Description of the task: Give back the data exactly, with no images.

Available data:
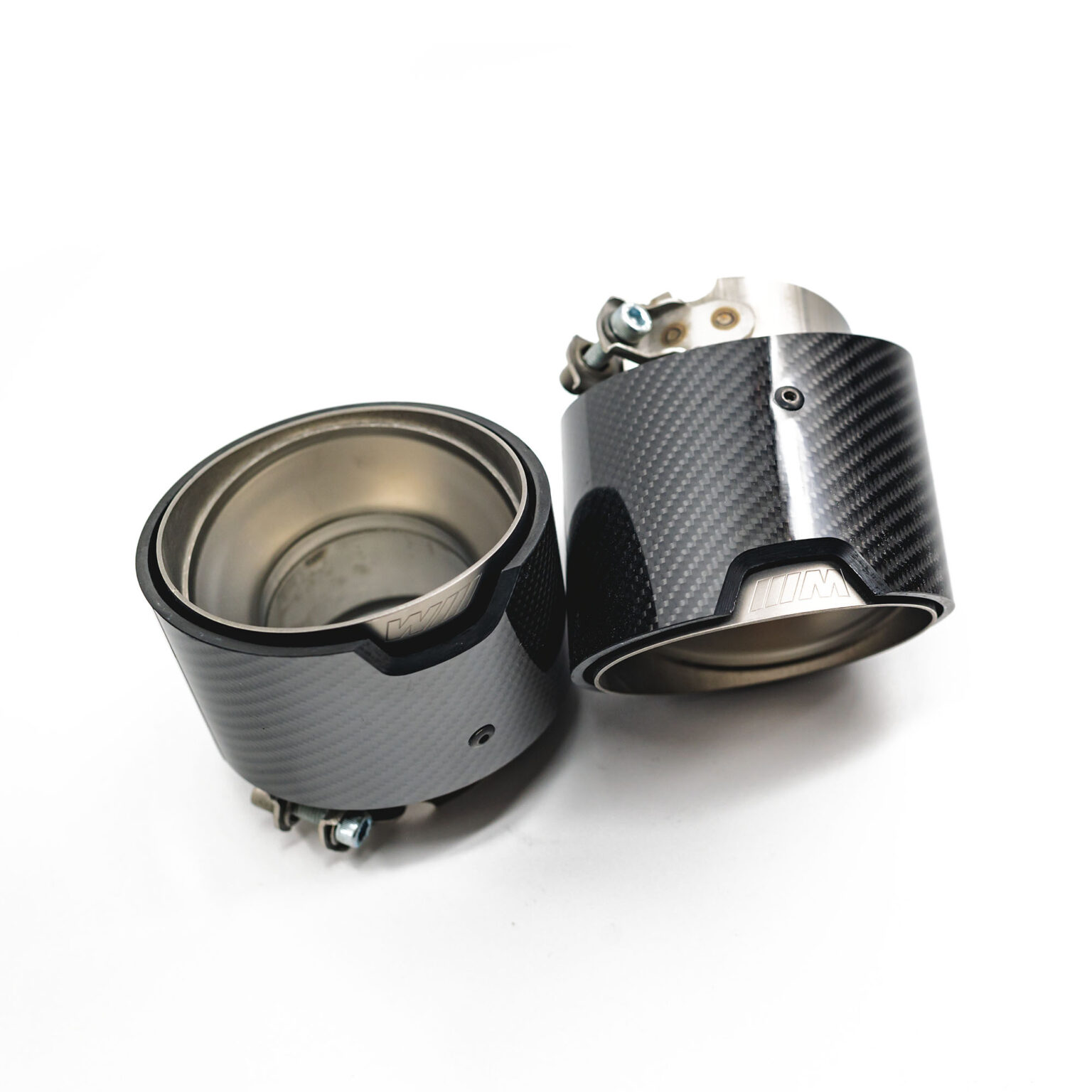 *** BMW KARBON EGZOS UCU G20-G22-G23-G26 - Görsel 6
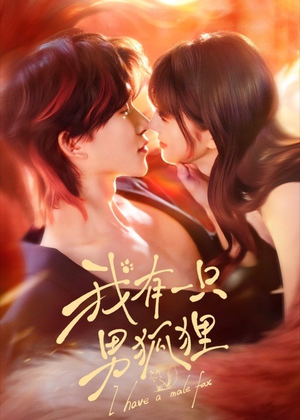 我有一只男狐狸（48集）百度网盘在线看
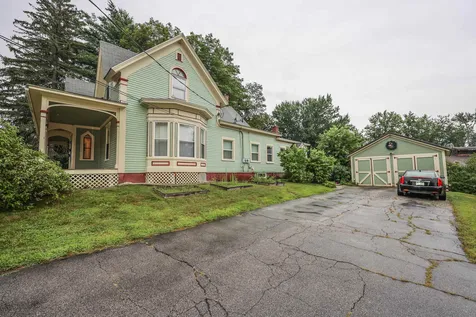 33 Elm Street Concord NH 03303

The answer:
 *** BMW KARBON EGZOS UCU G20-G22-G23-G26 - Görsel 6
 我有一只男狐狸（48集）百度网盘在线看
 33 Elm Street Concord NH 03303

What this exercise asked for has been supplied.